Je souligne ceci : l’été dernier, Price a renoncé à sa clause spéciale afin d’être exposé au repêchage d’expansion. Le Kraken de Seattle, qui avait pourtant plein d’espace sous le plafond salarial, l’a ignoré.

Je répète : le Canadien l’a offert en cadeau. Pas contre un choix de premier tour. Pas contre un choix de deuxième tour. Pas même contre un choix de septième tour, ou un espoir de la Ligue autrichienne. Gratuitement. Le Kraken – qui ne croule pas sous le talent – a poliment refusé. Parce qu’avec le gel anticipé du plafond salarial, le contrat de Price est indésirable.

***

Alors, la reconstruction ?

En y allant vraiment à fond, le Canadien pourrait acquérir trois ou quatre espoirs intéressants. Il y aurait toutefois une lourde conséquence : un séjour de plusieurs années dans la cave. Pour s’en sortir, les recruteurs auraient l’obligation de viser juste avec chaque choix de premier tour, et la pression de trouver plus de pépites dans les tours suivants.

C’est un gros risque.

Un trop gros risque.

Quelle est l’autre option, alors ?

À court et moyen terme, il n’y a pas mille solutions. Les joueurs de l’édition actuelle devront produire à leur plein potentiel.

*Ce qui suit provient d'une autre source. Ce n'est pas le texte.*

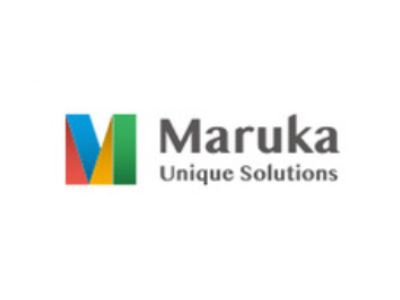 12 maruka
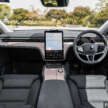 2025 Volvo EX90 review in Malaysia – everything good and bad about the flagship electric SUV, on video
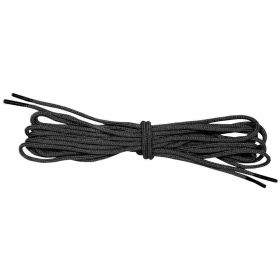 REPLACEMENT BOOT LACES BUNDLE 12 PACK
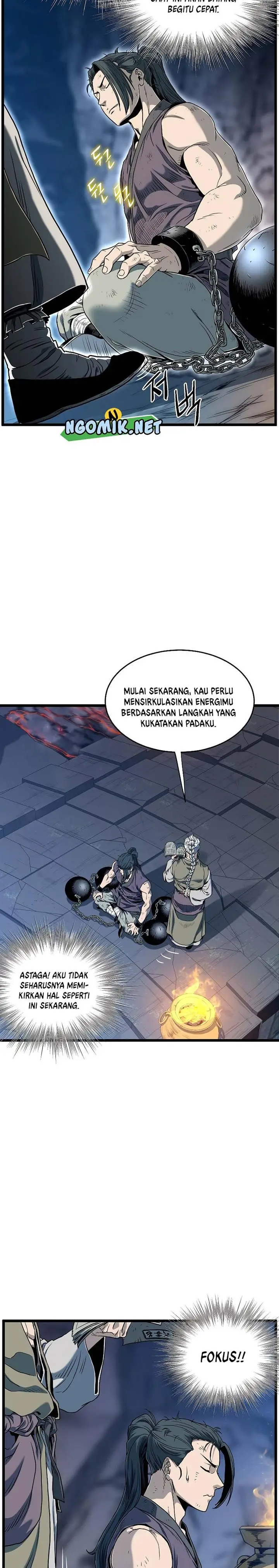 image-komik-murim-login-chapter-154-32/43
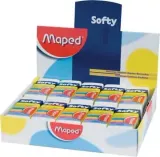gumka-maped-softy-20-7902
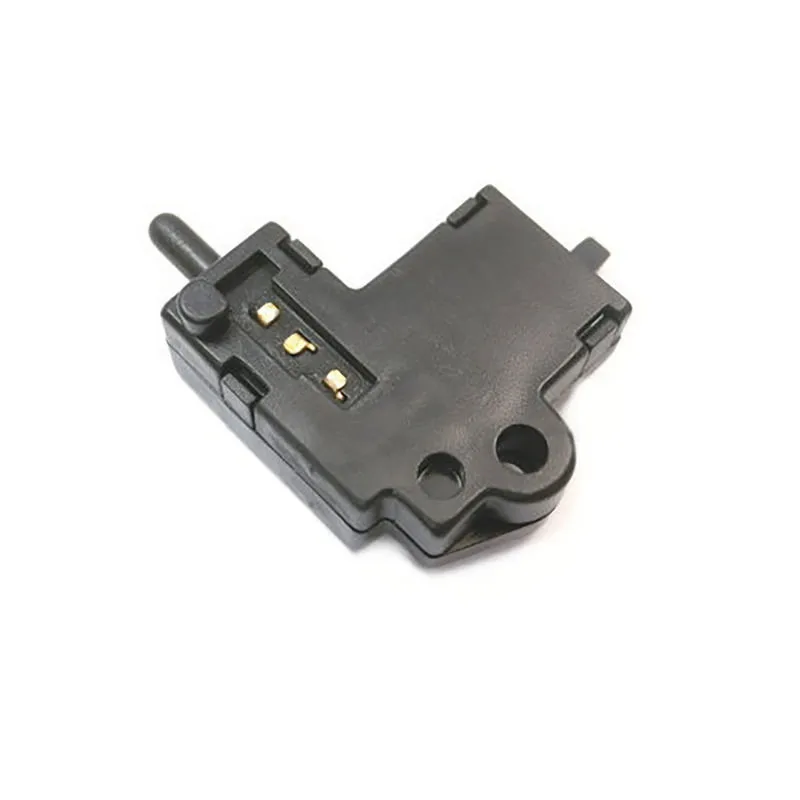 BRAKE/CLUTCH SWITCH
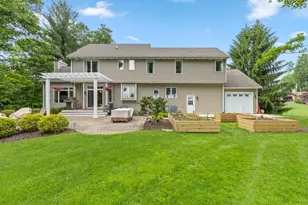 2840 Mary Nell Dr SW, Byron Center, MI 49315 - Photo 5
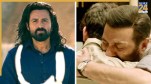 Awarapan 2 vs Batwara 1947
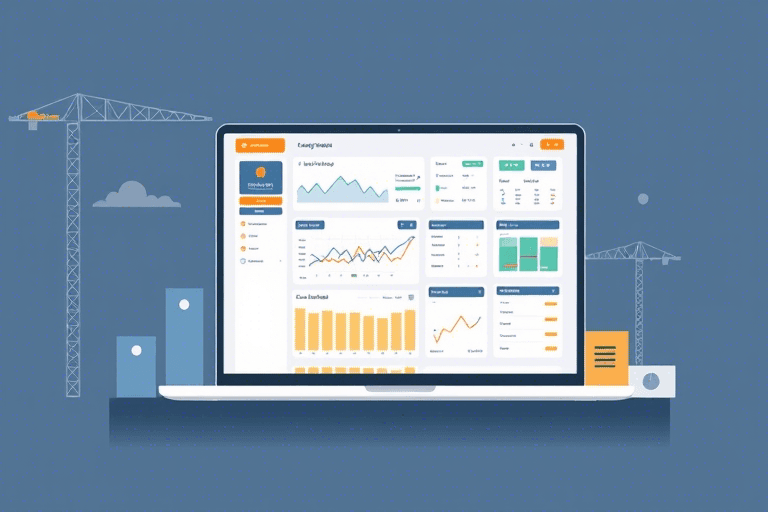 线路施工拍照软件下载：如何选择和使用专业工具提升工程管理效率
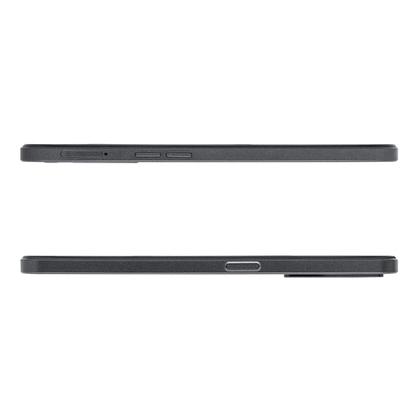 main - IC Sóng Oppo A96 3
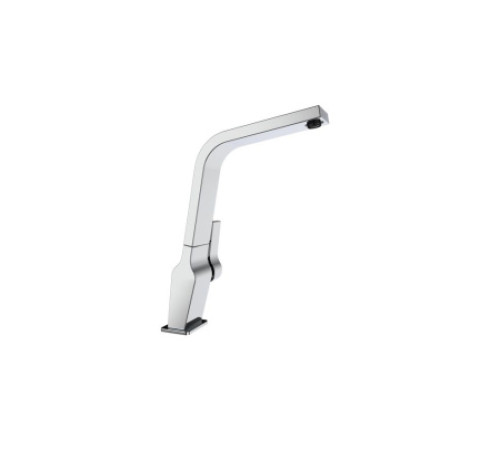 Духовой шкаф MIELE h 6401 b obsw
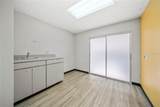 1744 Pinellas Avenue - Photo 9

Comme l’a souligné Marc Bergevin, cette semaine : « Remplacer Shea Weber, ça n’arrivera pas. Les Islanders ont perdu John Tavares. C’est un très bon joueur de hockey. Ils n’ont pas amené quelqu’un de spécial. Ils ont trouvé une façon [de gagner]. Je m’attends à ça [des joueurs]. Ils doivent trouver la solution pour gagner [entre eux], dans le vestiaire. »

Et à long terme ? Il n’y a pas de secret. Marc Bergevin a un excellent taux de succès dans ses transactions. Aux recruteurs amateurs du Canadien, maintenant, de briller tout autant avec leurs sélections au repêchage.